Mol Neurobiol. 2017 Mar;54(2):895-903. doi: 10.1007/s12035-015-9645-9. Epub 2016 Jan 16.
The aim of this study was to examine whether the circulating CXC chemokine ligand-12 (CXCL12) level can predict a 6-month outcome in Chinese patients with acute ischemic stroke (AIS). In a prospective study, CXCL12 levels were measured on admission in the serum of 304 consecutive patients with AIS. The prognostic value of CXCL12 to predict the functional outcome and mortality within 1 year was compared with the National Institutes of Health Stroke Scale score and with other known outcome predictors. A receiver operating characteristic (ROC) curve was used to evaluate the accuracy of serum CXCL12 in predicting functional outcome and mortality. Patients with an unfavorable outcome and non-survivors had significantly increased CXCL12 levels on admission (P < 0.0001 and P < 0.0001). Multivariate logistic regression analysis adjusted for common risk factors showed that CXCL12 (≥12.4 ng/mL; third quartile) was an independent predictor of functional outcome (odds ratio [OR] = 8.81; 95 % confidence interval [CI] 4.92-24.79) and mortality (OR = 10.15; 95 %CI 2.44-27.98). The area under the receiver operating characteristic curve of CXCL12 was 0.84 (95 % CI 0.76-0.92) for functional outcome and 0.87 (95 % CI 0.80-0.93) for mortality. Circulating CXCL12 serum levels at admission is a useful and complementary biomarker to predict functional outcome and mortality 6 months after acute ischemic stroke.

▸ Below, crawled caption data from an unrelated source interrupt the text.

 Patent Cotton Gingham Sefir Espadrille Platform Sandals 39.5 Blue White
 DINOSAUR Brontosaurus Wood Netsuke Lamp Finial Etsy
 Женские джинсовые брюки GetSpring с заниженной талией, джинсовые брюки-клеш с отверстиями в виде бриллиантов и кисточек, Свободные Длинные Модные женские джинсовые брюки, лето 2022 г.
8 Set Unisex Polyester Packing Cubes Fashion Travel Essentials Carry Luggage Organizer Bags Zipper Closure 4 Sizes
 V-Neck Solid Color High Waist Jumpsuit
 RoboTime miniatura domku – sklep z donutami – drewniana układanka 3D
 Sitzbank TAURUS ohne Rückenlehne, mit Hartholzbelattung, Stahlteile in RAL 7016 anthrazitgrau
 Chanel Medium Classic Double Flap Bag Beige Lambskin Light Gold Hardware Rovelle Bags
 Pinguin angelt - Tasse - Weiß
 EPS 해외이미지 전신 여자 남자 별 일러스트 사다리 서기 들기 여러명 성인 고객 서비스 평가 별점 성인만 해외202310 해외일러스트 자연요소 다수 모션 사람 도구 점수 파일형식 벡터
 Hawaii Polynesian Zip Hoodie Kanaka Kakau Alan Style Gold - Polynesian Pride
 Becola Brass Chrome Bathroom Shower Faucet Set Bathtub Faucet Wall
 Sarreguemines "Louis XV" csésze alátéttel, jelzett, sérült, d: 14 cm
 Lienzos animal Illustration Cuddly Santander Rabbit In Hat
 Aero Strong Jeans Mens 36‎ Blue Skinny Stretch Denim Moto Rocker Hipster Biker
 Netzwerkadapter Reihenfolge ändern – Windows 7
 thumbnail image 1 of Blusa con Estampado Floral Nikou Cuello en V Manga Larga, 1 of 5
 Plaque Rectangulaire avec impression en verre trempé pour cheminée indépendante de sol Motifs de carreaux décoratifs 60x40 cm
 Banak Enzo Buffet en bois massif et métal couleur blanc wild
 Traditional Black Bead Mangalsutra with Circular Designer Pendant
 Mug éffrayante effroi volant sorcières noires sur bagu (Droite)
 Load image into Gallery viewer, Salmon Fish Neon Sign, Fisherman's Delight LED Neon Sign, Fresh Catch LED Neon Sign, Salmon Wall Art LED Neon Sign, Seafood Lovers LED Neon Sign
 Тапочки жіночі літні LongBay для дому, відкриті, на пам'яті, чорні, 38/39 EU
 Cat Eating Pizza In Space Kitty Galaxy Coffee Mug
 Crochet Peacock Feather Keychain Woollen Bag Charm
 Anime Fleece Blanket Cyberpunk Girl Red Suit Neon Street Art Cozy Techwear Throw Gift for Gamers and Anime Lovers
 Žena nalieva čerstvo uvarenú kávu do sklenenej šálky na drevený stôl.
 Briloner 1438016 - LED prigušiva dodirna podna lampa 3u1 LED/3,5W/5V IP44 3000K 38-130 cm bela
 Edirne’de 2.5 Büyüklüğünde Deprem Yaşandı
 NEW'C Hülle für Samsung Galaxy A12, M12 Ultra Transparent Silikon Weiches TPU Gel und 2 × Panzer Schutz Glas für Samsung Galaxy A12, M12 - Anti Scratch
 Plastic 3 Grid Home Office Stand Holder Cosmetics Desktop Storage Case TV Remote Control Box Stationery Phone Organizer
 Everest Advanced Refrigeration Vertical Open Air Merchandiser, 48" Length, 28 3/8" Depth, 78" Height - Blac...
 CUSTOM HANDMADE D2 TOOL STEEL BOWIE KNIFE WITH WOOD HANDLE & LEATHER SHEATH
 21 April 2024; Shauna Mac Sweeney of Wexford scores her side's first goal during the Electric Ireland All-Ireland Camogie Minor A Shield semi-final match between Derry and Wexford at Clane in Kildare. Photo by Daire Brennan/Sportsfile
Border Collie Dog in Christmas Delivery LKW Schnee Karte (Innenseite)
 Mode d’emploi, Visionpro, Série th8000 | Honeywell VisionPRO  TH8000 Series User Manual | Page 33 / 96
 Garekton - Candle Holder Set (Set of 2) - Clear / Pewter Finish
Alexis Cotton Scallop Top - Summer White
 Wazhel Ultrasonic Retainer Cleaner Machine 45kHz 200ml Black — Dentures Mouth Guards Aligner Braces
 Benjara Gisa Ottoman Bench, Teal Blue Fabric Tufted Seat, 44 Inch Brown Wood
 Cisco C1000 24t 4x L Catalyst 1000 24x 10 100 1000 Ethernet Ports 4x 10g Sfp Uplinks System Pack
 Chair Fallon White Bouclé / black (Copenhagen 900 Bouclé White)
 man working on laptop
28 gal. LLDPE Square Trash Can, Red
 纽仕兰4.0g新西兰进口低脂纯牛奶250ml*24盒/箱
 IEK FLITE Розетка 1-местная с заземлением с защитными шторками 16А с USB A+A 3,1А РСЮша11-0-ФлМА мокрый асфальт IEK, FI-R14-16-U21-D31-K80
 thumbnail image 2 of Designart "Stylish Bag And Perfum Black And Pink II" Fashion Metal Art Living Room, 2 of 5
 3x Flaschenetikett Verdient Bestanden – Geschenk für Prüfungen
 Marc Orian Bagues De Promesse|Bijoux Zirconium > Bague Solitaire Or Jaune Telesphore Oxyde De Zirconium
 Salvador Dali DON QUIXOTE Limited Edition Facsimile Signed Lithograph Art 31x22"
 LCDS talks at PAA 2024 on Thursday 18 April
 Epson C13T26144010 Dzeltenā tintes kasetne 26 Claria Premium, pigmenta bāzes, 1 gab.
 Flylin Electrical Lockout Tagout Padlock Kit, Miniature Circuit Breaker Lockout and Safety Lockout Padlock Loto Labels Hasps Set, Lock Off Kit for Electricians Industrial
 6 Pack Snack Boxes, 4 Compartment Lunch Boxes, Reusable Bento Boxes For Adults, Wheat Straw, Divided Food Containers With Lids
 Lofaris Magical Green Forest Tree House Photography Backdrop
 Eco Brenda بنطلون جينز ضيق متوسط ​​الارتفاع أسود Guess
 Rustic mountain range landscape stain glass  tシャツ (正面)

本研究旨在探讨循环CXC趋化因子配体12(CXCL12)水平能否预测中国急性缺血性卒中(AIS)患者的6个月预后。在一项前瞻性研究中,对304例连续的AIS患者入院时血清中的CXCL12水平进行了检测。将CXCL12预测1年内功能预后和死亡率的预后价值与美国国立卫生研究院卒中量表评分及其他已知的预后预测指标进行了比较。采用受试者工作特征(ROC)曲线评估血清CXCL12预测功能预后和死亡率的准确性。预后不良的患者和非幸存者入院时CXCL12水平显著升高(P<0.0001和P<0.0001)。经常见风险因素校正的多因素logistic回归分析显示,CXCL12(≥12.4 ng/mL;第三四分位数)是功能预后(比值比[OR] = 8.81;95%置信区间[CI] 4.92 - 24.79)和死亡率(OR = 10.15;95%CI 2.44 - 27.98)的独立预测指标。CXCL12的受试者工作特征曲线下面积对于功能预后为0.84(95%CI 0.76 - 0.92),对于死亡率为0.87(95%CI 0.80 - 0.93)。入院时循环CXCL12血清水平是预测急性缺血性卒中后6个月功能预后和死亡率的一种有用且互补的生物标志物。